:: Work task ::
From the entries below, gather each line containing the word "pendant".
*** Task data
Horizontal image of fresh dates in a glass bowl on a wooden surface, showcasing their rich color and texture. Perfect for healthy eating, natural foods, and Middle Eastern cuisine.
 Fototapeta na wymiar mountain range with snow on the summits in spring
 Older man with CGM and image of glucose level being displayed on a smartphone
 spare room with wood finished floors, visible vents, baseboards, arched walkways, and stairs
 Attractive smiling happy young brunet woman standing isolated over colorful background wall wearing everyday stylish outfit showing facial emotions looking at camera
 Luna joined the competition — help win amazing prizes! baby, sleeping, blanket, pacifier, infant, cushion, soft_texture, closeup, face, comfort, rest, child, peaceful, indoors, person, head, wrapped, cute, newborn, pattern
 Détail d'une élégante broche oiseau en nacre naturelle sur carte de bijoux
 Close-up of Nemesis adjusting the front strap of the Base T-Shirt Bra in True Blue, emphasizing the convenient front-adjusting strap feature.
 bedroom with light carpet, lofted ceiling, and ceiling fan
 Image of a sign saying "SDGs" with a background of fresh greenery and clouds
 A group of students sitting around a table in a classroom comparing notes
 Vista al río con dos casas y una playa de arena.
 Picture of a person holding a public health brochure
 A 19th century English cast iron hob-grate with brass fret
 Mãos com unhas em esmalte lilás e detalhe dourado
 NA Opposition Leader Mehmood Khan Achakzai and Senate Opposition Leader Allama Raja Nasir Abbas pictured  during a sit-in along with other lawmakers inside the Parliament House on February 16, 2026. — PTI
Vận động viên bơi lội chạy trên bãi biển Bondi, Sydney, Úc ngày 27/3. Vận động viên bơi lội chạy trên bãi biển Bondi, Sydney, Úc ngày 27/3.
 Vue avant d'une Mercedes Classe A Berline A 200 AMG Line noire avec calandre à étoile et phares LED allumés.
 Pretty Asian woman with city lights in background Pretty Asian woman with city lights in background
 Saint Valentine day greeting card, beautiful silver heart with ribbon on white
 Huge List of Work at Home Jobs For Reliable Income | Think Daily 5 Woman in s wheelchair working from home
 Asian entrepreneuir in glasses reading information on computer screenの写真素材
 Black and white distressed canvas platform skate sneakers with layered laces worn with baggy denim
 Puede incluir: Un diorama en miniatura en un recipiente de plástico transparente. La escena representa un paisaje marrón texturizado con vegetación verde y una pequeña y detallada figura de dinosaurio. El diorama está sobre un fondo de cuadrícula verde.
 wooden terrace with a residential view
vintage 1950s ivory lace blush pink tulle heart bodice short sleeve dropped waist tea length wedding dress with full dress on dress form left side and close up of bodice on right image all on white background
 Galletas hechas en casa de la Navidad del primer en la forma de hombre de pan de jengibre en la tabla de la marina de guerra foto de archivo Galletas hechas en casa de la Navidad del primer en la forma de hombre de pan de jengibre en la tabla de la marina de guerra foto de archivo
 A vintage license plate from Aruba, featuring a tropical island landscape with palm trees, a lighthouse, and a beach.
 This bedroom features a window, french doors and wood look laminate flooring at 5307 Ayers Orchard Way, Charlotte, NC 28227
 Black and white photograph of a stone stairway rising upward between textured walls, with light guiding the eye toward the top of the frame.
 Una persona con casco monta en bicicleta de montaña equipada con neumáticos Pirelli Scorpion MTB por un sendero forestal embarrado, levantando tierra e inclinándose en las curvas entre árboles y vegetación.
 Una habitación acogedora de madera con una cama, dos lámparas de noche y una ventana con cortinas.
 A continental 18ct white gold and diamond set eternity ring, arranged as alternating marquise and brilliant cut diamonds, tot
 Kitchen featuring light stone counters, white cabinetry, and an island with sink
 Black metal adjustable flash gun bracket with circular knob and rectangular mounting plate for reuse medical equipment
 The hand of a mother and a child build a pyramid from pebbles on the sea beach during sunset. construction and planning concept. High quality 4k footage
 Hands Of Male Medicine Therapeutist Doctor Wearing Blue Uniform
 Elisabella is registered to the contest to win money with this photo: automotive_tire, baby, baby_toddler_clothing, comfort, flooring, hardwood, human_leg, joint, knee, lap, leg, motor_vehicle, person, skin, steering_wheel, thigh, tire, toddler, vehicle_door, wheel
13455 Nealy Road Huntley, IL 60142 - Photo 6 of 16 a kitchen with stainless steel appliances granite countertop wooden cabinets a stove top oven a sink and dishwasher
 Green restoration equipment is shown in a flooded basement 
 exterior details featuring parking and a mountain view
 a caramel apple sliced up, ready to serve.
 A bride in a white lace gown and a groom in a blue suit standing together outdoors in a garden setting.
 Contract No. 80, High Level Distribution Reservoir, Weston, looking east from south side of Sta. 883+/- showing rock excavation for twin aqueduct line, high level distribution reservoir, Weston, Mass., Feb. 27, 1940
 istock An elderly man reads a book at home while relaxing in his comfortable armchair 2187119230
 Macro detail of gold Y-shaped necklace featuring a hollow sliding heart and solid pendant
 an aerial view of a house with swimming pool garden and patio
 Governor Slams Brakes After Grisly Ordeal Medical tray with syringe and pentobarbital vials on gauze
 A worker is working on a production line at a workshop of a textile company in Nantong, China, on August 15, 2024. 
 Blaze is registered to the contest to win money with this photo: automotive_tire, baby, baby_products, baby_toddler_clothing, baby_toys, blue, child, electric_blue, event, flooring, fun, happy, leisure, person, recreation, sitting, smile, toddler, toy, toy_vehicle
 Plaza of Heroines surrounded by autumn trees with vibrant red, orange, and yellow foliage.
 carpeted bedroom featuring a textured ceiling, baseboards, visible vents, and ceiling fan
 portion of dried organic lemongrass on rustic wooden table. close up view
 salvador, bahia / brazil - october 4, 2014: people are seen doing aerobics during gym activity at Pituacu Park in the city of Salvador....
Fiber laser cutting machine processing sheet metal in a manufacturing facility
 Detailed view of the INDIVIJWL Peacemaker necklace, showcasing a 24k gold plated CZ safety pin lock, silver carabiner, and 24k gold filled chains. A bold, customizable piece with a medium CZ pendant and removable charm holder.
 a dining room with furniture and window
******
:: Solution for this task ::
 Macro detail of gold Y-shaped necklace featuring a hollow sliding heart and solid pendant
 Detailed view of the INDIVIJWL Peacemaker necklace, showcasing a 24k gold plated CZ safety pin lock, silver carabiner, and 24k gold filled chains. A bold, customizable piece with a medium CZ pendant and removable charm holder.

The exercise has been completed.